From The Blade
TOLEDO, OH — With operations from Visteon Corp. and other troubled automotive suppliers already up for sale, Toledo’s Dana Corp. may have a tough time divesting $1.3 billion worth of businesses that it put up for sale.
But the fact that some of the 44 facilities to be sold were recently organized by the United Auto Workers, as were two other Virginia factories to be closed, was not likely a factor in the decisions about their fates, they said.
As part of a sweeping plan to cut costs, Dana plans to sell three businesses that make piston rings, camshafts, engine bearings, pumps and fluid products for braking and other uses.
Collectively, the businesses have 9,800 employees worldwide, including 560 at the three northwest Ohio factories.
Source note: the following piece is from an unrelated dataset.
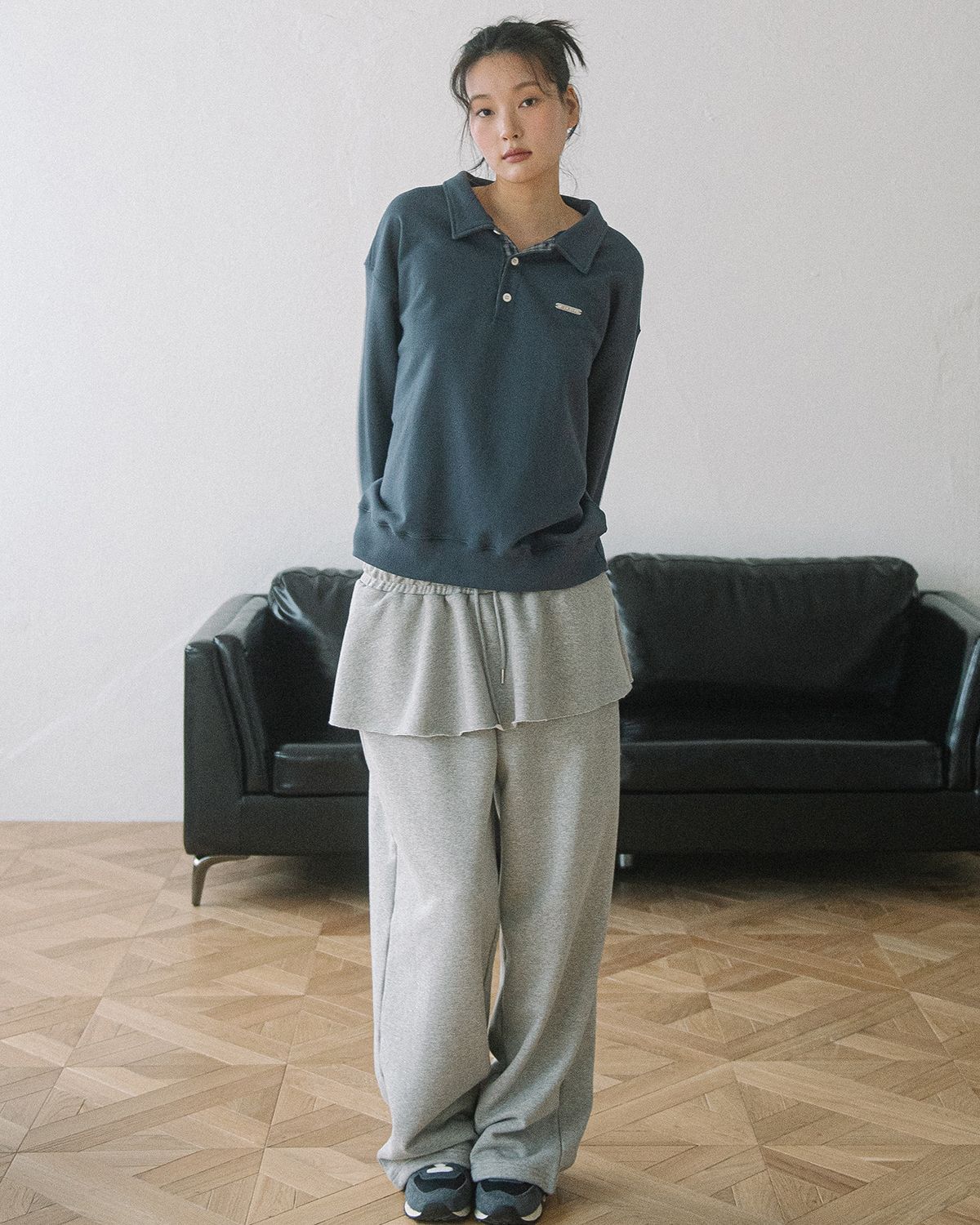 해비즘(HAVISM) WP CHECKED COLLAR SWEATSHIRT(NAVY)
Though the Dana businesses are profitable and there are some private equity firms interested in auto parts companies, there are numerous opportunities for buyers, said David Siino, an analyst with Gabelli & Co. Inc. of Rye, NY.
The firm provides research to one of Dana’s largest institutional investors, headed by the famed Mario Gabelli.
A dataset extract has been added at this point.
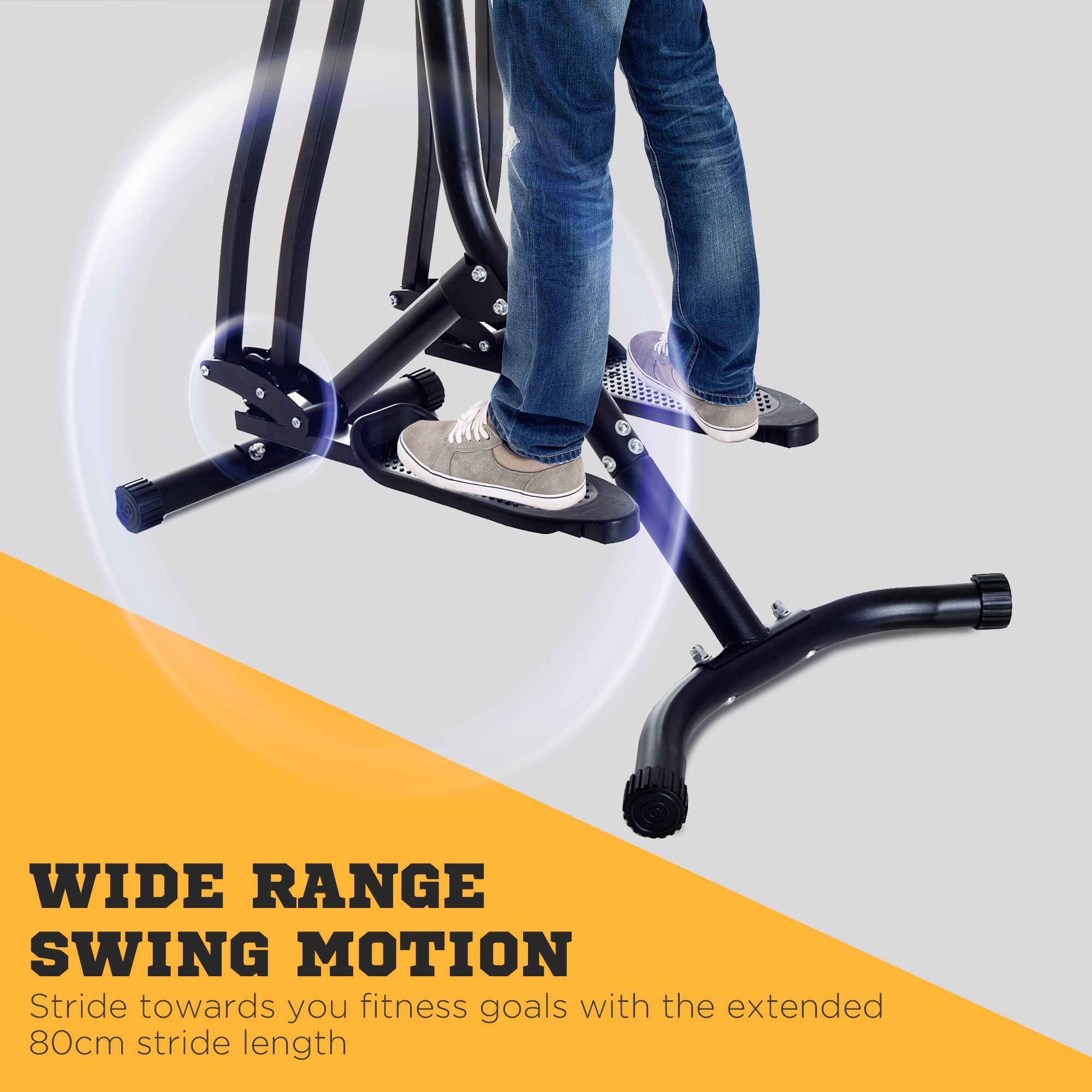 HOMCOM Air Walker Glider, Cross Trainer Fitness Machine, with LCD, for Home Gym, Black - North Peak Garden Furniture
“The problem is, it’s not a seller’s market right now,” Siino said. “I don’t think they’ll get a big price for any of the businesses.”
Other parts suppliers could buy the businesses, depending on what kind of technology, capabilities, and capacity they have to offer, and European and Asian parts makers looking for an entree into North America may be interested, said David Cole, chairman of the Center for Automotive Research in Ann Arbor.
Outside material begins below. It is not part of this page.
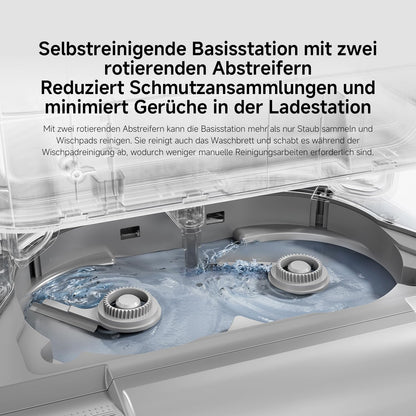 Xiaomi Robot Vacuum X20+ Saugroboter mit Absaugstation und 4L/4L Frisch- & Altwassertank - 2 rotierende, Auto-Trocknung Wischmops, Bis 280m² wischen, 6000Pa Saugkraft, LDS-Navigation, Alle Bodentypen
Dana’s stock price suffered yesterday after news of its restructuring, which was announced Thursday, had a chance to sink in. The stock closed down 37 cents at $7.39 a share on the New York Stock Exchange.
As part of its restructuring plan, the Fortune 500 firm will trim 5 percent of its worldwide salaried work force, largely through attrition; make employees pay more for health care; end a company match in a 401(k) retirement plan; freeze wages; and cut 100 of 385 jobs at an already diminished factory in Lima, Ohio.
Work from the Lima driveshaft plant, which little more than four years ago had 650 employees, has already been moved to Canada, India and Asia, said Brian McClurg, president of UAW Local 1765 at the plant.
He was disappointed the company didn’t first try to get government incentives before deciding to make another move, this time to a company factory in Mexico. After reaching a neutrality agreement with the UAW just two years ago in hopes of getting more work from the Big Three, Dana is unlikely to have reversed its position already, said Siino.
Dana has said union status had no bearing on plant closures.